The Mount Rainier specification also incorporates a requirement for fast eject. With legacy CD writers, ejecting a disc may take several seconds to half a minute or more, depending on what the drive happens to be doing when you tell it to eject the disc. Mount Rainier drives eject discs very quickly, like a CD-ROM drive, because they give priority to write operations and do not require finalizing or other time-consuming operations before ejecting a disc.
Older CD writers use hybrid command sets, sometimes including portions of the MMC-1 and MMC-2 command sets mixed with proprietary commands. That's why CD-burning software always lists supported drive models and may not work correctly or at all with a drive that is not on the supported list. To support a particular CD writer, the burning software must be coded to take all of the quirks of that model into account. Mount Rainier eliminates this hodgepodge of incompatible, incomplete, and proprietary command sets by mandating that all Mount Rainier drives be fully compliant with the MMC-2 command set. Because the command set is standardized and mandated, the operating system can assume that any Mount Rainier drive includes at least the minimum required feature set and will respond predictably to commands.
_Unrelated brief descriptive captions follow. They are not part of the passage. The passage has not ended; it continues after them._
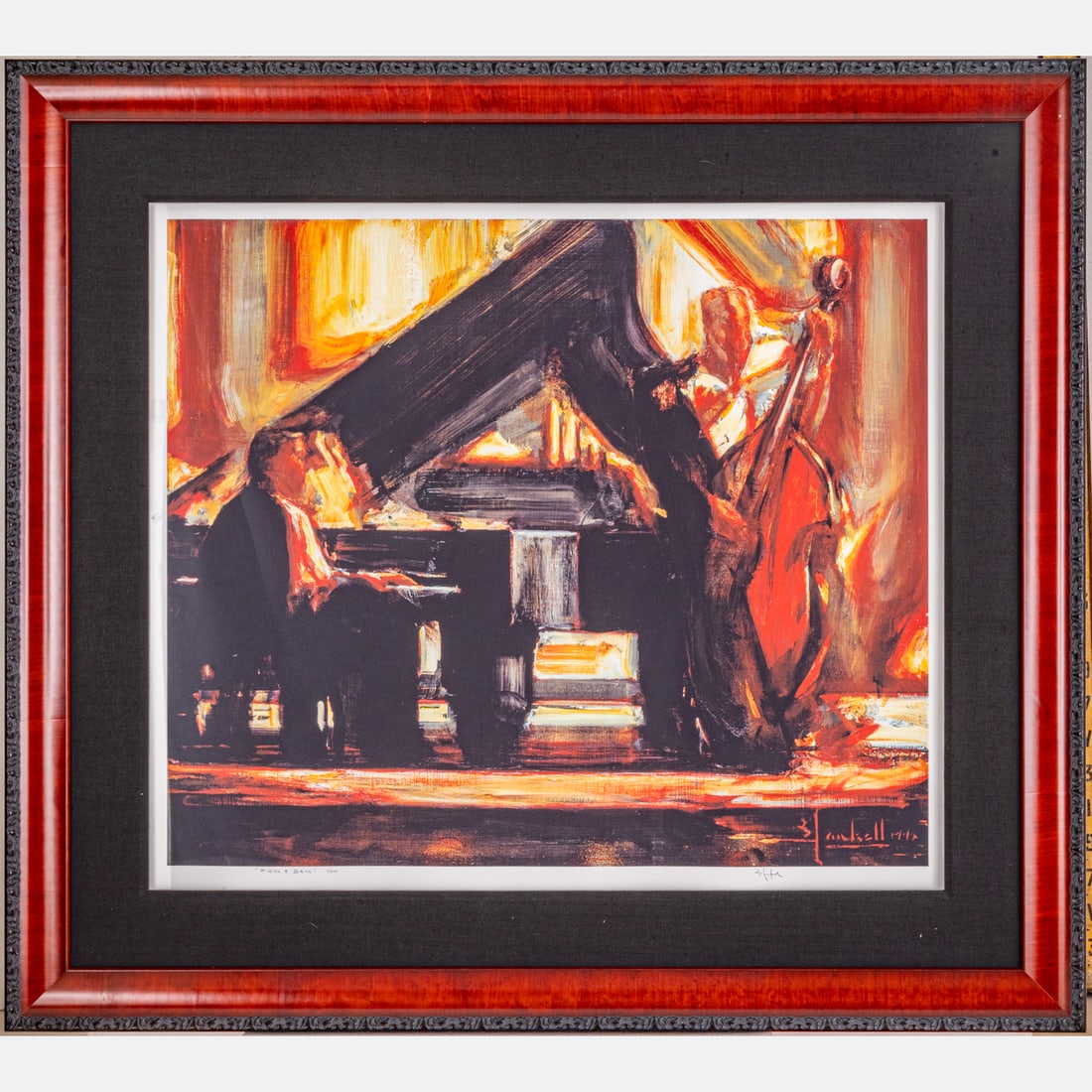 Print of a Stuart Yankell Painting Piano and Bass: A Framed Reproduction Print of a Stuart Yankell Painting Piano and Bass (American, b. 1962) H: 48 W: 53 1/4 D: 1 5/8 in.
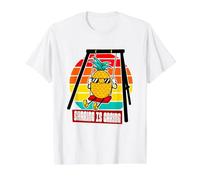 Sharing is Caring Swinger Ananas on A Swing Swing Fun T-Shirt Graphique avec Valeur, Homme, Blanc, S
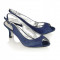 Pantofi dama albastri decupati cu toc mediu accesorizati cu diamante Stylish Navy by Occasions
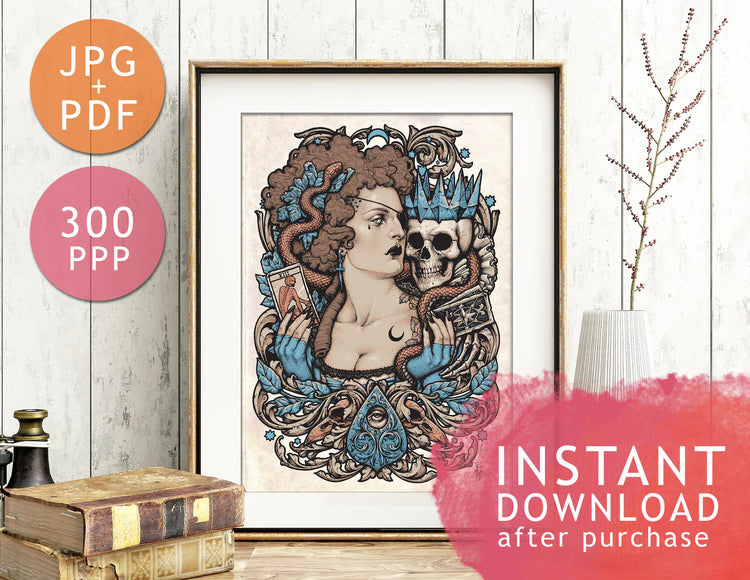 DIGITAL PRINTABLE - PLANCHETTE WATERCOLOR FOLK ELEMENTS + BONUS FILES - ORIGINAL BY MEDUSA DOLLMAKER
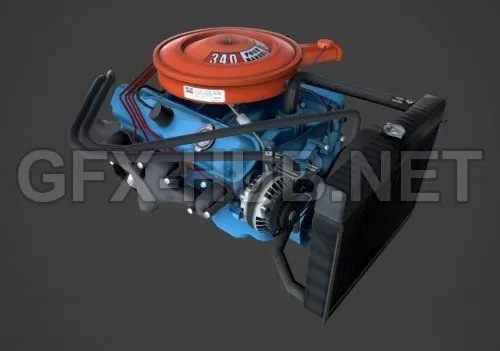 PBR Game 3D Model – MOPAR V8 lowpoly VR AR low-poly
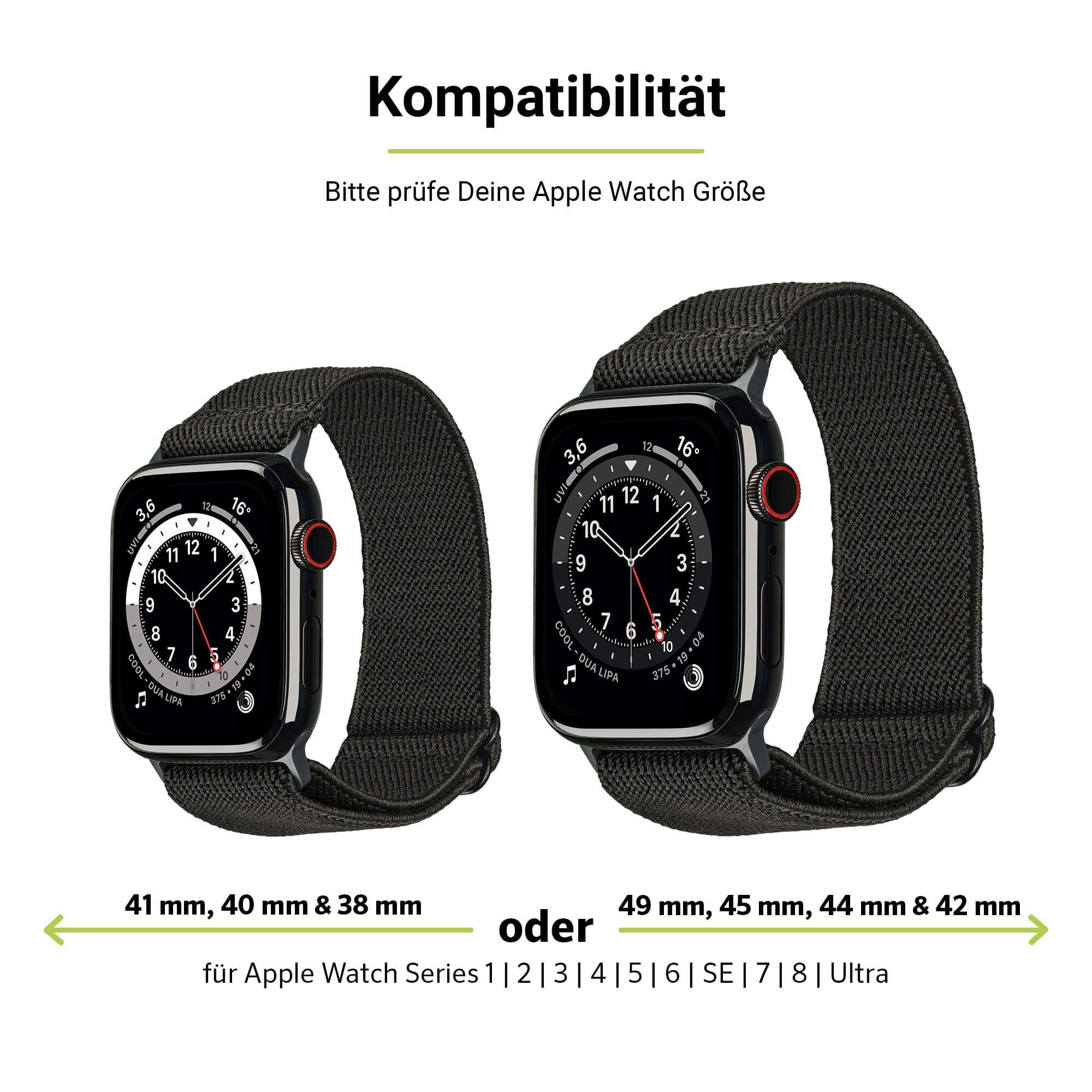 Artwizz Smartwatch-Armband (45mm), Watch (49mm), 3-1 2 9-7 & Flex, Space-Grau, Ultra Apple Adapter, WatchBand (42mm) mit SE (44mm), Textil 6-4 / Uhrenarmband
Backward compatibility and standards compliance are an important part of the Mount Rainier specification. Although only an MRW drive can write an MRW-formatted disc, any optical drive that can read CD-RW media can read an MRW-formatted disc. If the operating system has Mount Rainier support, nothing additional is needed for reading MRW discs in any optical drive, or for writing and reading MRW discs in a Mount Rainier drive. If the operating system does not have Mount Rainier support, MRW drives require a helper application to read or write MRW discs, and standard drives need a helper application to read MRW discs.